Masalah pertama, para ibu di bawah umur ini biasanya masih sangat mengandalkan arahan dan informasi dari keluarga, terutama orangtua kandungnya. Malah banyak ibu di bawah umur yang menyerahkan perawatan bayinya kepada keluarganya. Jika nenek si bayi berhasil menyusui, maka kemungkinan besar sang nenek juga bisa mengarahkan si ibu muda untuk sukses menyusui. Namun jika sebaliknya, maka kemungkinan gagal menyusui juga menjadi lebih besar. Ketika sang ibu muda tidak pernah menyaksikan anggota keluarganya menyusui, maka niatnya untuk menyusui juga lebih rendah [4]. Kenyataannya, tak jarang ibu muda ini sama sekali belum pernah melihat ada anggota keluarganya yang menyusui. Tidak ada role model ibu menyusui di dalam keluarganya. Breastfeeding is not a family norm. Menyusui bukanlah sebuah norma yang wajar dalam keluarga, sehingga memberikan formula dianggap sebagai satu satunya pilihan yang wajar. 
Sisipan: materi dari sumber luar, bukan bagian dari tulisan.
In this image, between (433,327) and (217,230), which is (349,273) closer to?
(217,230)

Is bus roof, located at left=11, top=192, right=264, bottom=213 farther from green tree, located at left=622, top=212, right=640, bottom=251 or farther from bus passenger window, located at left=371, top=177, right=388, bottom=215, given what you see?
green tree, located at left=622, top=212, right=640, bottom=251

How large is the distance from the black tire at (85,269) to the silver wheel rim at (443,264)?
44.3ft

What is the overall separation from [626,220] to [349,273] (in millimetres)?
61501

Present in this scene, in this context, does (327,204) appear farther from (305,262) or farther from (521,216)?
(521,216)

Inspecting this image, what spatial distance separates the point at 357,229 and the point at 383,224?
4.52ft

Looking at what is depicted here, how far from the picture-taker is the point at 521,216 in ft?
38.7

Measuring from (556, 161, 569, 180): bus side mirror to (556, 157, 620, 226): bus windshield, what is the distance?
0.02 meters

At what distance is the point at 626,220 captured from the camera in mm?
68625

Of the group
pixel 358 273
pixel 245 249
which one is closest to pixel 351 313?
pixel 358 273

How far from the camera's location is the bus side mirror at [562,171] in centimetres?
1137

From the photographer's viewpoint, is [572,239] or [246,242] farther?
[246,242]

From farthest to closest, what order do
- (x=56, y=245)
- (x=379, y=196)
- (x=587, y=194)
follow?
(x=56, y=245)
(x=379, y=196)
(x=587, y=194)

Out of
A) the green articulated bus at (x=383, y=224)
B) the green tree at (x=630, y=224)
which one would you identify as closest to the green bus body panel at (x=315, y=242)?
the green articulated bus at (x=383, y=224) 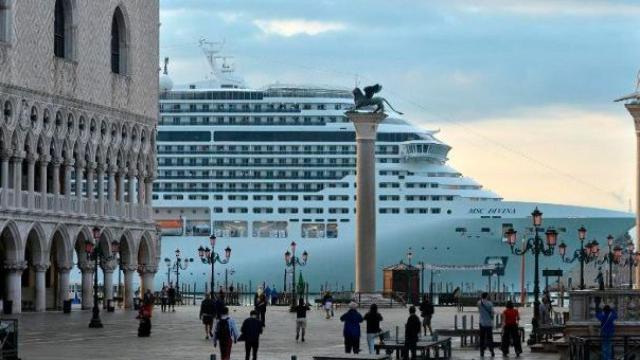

Masalah kedua, umumnya pada ibu muda dan pasangannya belum memiliki kemampuan dan inisiatif untuk menyaring informasi yang tepat, termasuk mengenai menyusui dan kesehatan bayi. Sehingga inisiatif untuk bertemu tenaga kesehatan dan konselor menyusui atau mengikuti kelas persiapan menyusui juga menjadi lebih rendah. Ibu di bawah umur seringkali masih malu dan ragu mencari informasi. Bukan hanya tidak tahu mesti bertanya ke siapa, tapi mendatangi fasilitas kesehatan bukanlah sesuatu yang mudah bagi mereka. Para pasangan muda ini seringkali luput dari target sosialisasi menyusui. Kita tidak bisa berharap mereka sukarela duduk berbicara dari hati ke hati dengan konselor menyusui atau menghadiri sesi sosialisasi/kelas persiapan menyusui. Hadir di sesi sharing menyusui yang dihadiri para pasangan yang berbeda usia dengan mereka juga dapat menjadi tekanan psikologis tersendiri. Kelihatan hamil oleh publik di usia sangat muda sudah merupakan tekanan berat bagi para ibu di bawah umur. Apalagi kemudian mesti menyusui kapanpun di manapun. Stigma negatif lingkungan menambah tekanan bagi mereka untuk mendapatkan dukungan yang diperlukan. Jadi walaupun akses layanan kesehatan dan konseling sudah tersedia dalam jangkauan sekalipun, namun belum termanfaatkan secara optimal oleh kelompok ini.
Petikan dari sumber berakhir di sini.